Zacharias is a frequent keynote lecturer within the evangelical community at events such as the Future of Truth conference in 2004, the National Religious Broadcasters' Convention and Exposition in 2005, the National Conference on Christian Apologetics in 2006. On successive nights in October 2007, he addressed first the students and faculty of Virginia Tech, then the community of Blacksburg, Virginia, on the topic of evil and suffering in the wake of the Virginia Tech massacre. Zacharias has represented the evangelical community at occasions such as the National Day of Prayer in Washington, DC, the Annual Prayer Breakfast at the United Nations, and the African Union Prayer Breakfast in Maputo, Mozambique, and was named honorary chairman of the 2008 National Day of Prayer task force.
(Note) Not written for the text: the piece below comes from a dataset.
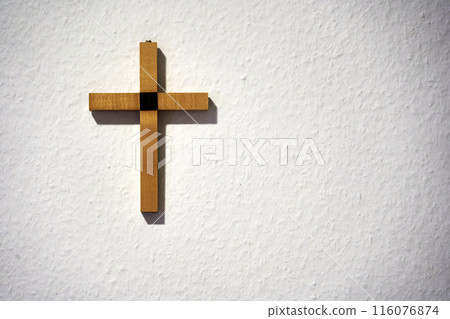 Wooden cross on a white wall 116076874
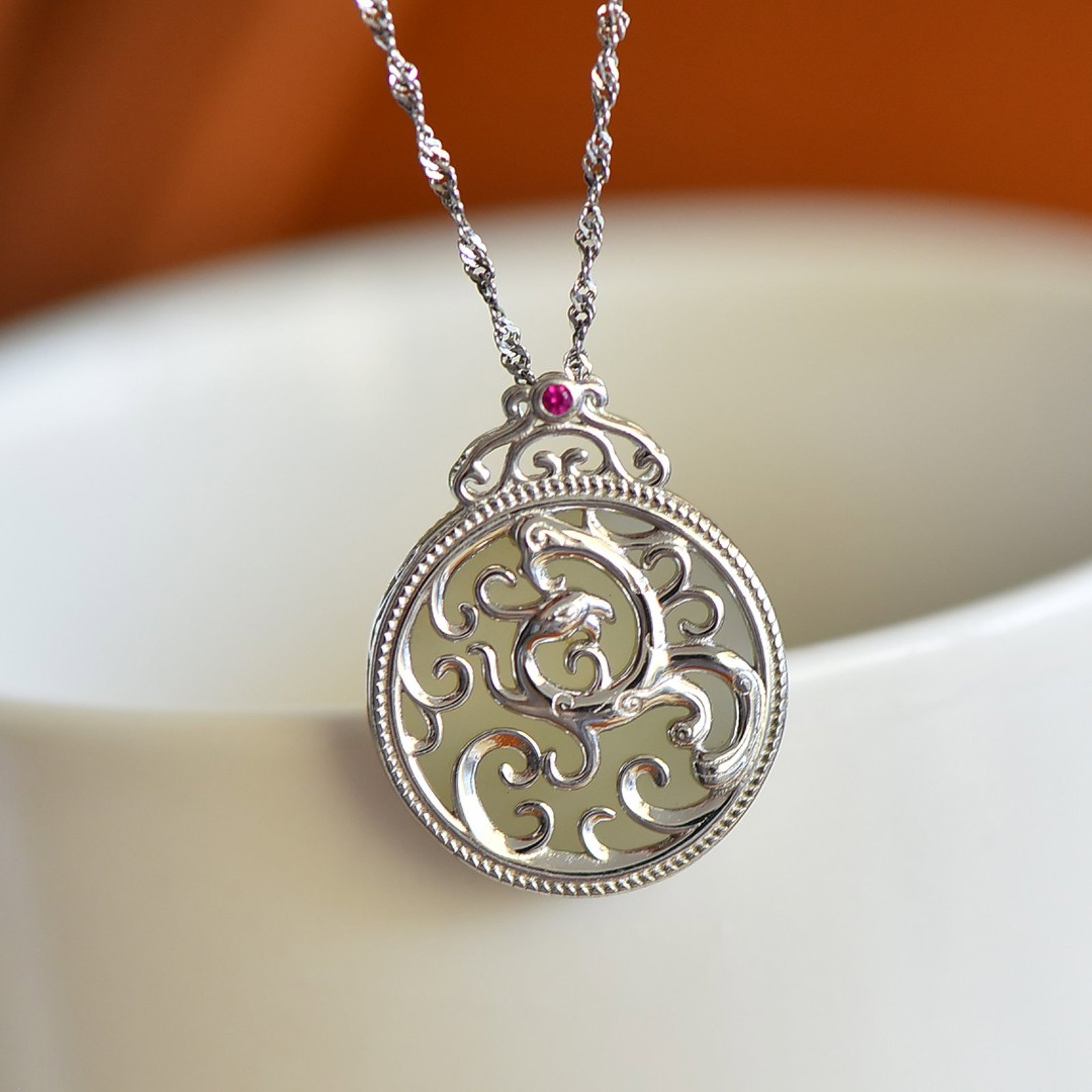 An Exquisite Sterling Silver Inlaid White Jade Pendant: Sterling Silver Inlaid White Jade Pendant , Size :18mmx18mm 纯银镶白玉吊坠,尺寸:18mmx18mm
Zacharias was interviewed in Focus on the Family's Truth Project. In November 2009, Zacharias signed an ecumenical statement known as the Manhattan Declaration which affirms the sanctity of human life, the dignity of marriage as a union of husband and wife, and the freedom of religion are foundational principles of justice and the common good.
Philosophy
Zacharias states that a coherent worldview must be able to satisfactorily answer four questions: that of origin, meaning of life, morality and destiny. He says that while every major religion makes exclusive claims about truth, the Christian faith is unique in its ability to answer all four of these questions. He routinely speaks on the coherency of the Christian worldview, saying that Christianity is capable of withstanding the toughest philosophical attacks. Zacharias believes that the apologist must argue from three levels: the theoretical, to line up the logic of the argument; the arts, to illustrate; and "kitchen table talk", to conclude and apply.
Zacharias's style of apologetic focuses predominantly on Christianity's answers to life's great existential questions with defense of God. In some discussions, he explores the question of human origin, voicing skepticism over what he believes to be inadequate empirical evidence in the fossil records for an honest endorsement of the theory of evolution. He believes that evolution irreconcilably contradicts with the second law of thermodynamics, an opinion dismissed by the scientific community, since the second law of thermodynamics only applies to isolated systems.
Zacharias also believes that in Christianity homosexual acts are an “aberration” and “violation” of human sexuality and that though some people may have a homosexual “disposition,” they are not justified in expressing that disposition.
Whenever Zacharias speaks to non-Christians, he tries to avoid secondary issues such as the age of the earth , abortion, and sexuality.